Numerical, measurable quantities in which arithmetic operations often make sense

  • Continuous

    could take on any value within an interval many possible values

  • Discrete

    countable value, finite number of values

定量变量 / 数值变量

数值变量是一个可测量的数字,其中的算术运算往往是有意义的,如 BMI

数值变量有两种不同的类型

  • 连续型

    一个连续的数值变量可以在一个区间内取任何值,可以是很多很多可能的值,如 BMI、身高、体重、任何与时间有关的(一个人跑100m需要的时间、完成课程作业的时间)

  • 离散型

    是一组有限的可计数的数字,如:一个家庭中的孩子数量(可以是1、2、3,但不能是2.3)

    离散的必须是一些设定好的可数的值

Categorical / Qualitative Variables

Classifies individuals or items into different groups

  • Ordinal

    groups have an order or ranking

  • Nominal

    groups are merely names, no ranking

定性变量 / 分类变量

分类变量是将选项分为不同的组别,如 种族

分类变量有两种不同的类型

  • 有序 / 等级

    是有某种顺序或排名与之相关,如 大学年级可以分为大一、大二、大三、大四,通常按照这个顺序自然排名

  • 无序 / 名义

    没有任何与之相关的排序,如 种族、婚姻状况,在这个变量中移动不同的类别,意义不会改变

Quiz

The age of the individual was recorded at the time of the survey.
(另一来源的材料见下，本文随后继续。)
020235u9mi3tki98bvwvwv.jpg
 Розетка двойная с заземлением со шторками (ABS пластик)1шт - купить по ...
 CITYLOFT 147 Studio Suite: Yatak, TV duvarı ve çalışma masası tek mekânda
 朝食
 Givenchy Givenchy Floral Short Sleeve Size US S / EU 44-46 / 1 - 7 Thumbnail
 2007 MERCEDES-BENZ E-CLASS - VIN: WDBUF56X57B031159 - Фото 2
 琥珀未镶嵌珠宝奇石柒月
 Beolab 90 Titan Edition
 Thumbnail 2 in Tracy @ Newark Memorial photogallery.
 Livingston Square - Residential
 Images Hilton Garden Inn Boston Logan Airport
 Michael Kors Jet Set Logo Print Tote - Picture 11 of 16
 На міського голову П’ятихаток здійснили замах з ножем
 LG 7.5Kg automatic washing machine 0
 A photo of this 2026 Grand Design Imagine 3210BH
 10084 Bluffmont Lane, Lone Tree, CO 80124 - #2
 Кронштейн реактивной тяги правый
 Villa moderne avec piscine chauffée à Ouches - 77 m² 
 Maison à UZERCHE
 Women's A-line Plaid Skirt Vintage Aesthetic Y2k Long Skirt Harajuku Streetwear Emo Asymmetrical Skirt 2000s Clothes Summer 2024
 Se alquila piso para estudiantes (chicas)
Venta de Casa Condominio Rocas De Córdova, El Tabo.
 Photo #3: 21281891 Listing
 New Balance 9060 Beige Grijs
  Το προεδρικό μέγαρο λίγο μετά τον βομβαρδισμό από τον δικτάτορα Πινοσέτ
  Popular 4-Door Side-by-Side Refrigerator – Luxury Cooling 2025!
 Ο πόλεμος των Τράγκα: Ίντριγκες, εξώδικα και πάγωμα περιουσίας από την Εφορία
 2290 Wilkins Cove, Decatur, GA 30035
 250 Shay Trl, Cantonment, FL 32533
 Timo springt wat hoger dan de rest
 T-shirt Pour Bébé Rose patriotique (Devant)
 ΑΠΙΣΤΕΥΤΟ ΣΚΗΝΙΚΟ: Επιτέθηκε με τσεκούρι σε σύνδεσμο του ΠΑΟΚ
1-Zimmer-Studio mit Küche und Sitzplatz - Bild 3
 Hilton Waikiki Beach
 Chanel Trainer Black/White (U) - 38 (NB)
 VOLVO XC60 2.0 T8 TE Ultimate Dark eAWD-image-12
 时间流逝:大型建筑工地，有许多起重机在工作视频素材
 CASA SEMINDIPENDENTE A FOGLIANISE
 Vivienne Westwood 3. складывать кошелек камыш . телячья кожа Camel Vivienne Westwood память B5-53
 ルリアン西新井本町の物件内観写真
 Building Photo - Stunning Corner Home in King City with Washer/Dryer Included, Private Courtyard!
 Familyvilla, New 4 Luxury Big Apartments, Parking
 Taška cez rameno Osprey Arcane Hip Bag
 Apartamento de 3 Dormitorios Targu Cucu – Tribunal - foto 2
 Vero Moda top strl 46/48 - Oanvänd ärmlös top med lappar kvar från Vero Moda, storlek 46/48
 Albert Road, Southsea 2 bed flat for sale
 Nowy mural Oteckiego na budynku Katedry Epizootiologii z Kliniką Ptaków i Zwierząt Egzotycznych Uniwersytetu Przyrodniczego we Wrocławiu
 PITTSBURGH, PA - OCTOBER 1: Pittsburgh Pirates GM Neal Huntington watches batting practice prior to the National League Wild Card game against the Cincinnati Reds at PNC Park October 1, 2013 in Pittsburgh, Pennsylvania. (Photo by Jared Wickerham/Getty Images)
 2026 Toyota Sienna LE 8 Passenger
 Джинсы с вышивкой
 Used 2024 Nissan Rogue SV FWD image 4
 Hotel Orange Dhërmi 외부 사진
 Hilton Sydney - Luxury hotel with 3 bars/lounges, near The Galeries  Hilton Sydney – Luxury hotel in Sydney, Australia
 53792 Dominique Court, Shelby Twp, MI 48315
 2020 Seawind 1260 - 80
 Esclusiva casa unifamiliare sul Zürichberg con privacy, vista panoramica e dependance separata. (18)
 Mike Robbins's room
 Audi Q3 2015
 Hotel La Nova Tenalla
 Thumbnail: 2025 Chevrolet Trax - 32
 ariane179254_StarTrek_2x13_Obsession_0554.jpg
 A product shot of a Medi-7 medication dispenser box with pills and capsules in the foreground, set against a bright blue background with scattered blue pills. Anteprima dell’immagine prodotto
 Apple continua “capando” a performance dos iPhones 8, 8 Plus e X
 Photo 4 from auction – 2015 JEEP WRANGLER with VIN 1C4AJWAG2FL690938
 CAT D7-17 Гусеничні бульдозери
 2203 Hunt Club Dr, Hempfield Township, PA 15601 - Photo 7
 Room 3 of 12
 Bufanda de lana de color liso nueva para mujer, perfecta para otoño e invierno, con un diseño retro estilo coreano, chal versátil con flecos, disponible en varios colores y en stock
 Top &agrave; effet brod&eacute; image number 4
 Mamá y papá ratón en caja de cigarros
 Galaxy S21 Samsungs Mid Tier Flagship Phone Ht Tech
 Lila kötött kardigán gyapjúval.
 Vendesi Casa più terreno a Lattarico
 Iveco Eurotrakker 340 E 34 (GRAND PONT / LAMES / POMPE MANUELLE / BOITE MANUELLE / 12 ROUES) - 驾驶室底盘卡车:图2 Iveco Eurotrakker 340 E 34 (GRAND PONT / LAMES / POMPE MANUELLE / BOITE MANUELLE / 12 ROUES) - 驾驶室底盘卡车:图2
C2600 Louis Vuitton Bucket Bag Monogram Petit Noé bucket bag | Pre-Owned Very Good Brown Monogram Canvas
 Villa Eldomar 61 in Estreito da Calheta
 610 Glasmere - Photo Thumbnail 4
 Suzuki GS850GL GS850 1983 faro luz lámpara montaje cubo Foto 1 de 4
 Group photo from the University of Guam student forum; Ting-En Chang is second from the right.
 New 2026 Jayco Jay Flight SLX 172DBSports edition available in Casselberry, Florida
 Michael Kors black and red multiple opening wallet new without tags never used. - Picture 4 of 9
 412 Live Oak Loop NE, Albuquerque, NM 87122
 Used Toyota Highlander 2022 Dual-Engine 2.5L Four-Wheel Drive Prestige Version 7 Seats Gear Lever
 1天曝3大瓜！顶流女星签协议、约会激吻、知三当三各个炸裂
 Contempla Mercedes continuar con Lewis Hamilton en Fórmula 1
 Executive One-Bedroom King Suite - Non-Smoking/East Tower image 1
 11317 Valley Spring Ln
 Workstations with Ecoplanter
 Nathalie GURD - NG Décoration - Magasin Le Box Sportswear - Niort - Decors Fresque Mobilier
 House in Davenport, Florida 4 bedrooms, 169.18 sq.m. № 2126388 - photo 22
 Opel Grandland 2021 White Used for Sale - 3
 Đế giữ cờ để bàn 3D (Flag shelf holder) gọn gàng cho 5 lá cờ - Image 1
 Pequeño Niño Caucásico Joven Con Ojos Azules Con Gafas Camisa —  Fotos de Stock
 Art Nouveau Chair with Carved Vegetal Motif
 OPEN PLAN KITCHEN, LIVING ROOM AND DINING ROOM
What type of variable would age be considered?

A. Categorical Nominal

B. Categorical Ordinal

C. Quantitative Continuous

D. Quantitative Discrete

年龄是什么变量呢?

不会就选 C

有时会把年龄看作离散的数值变量,但是有时候你问小朋友你几岁了,他会回答你 “我三岁半了”,所以当把年龄看作关于时间的值,就是一个连续变量啦

The adult indicator variable is coded as a 1 if the individual is 18 years of age or older and a 0 if not. What type of variable would the adult indicator variable be considered?

A. Categorical Nominal

B. Categorical Ordinal

C. Quantitative Continuous

D. Quantitative Discrete

成人指标变量是什么变量呢?

如果你是未成年人就编码0,是成年人就编码1,在这里只是NHANES选择将其编码为0/1,我们也可以将其编码为M/A,那当然是名义分类变量啦

Practice Quiz

The following five questions are focused around a startup company. Management is trying to gain insight on current employees and have sent out a short anonymous survey to them. Read each prompt carefully and determine the variable type for each question.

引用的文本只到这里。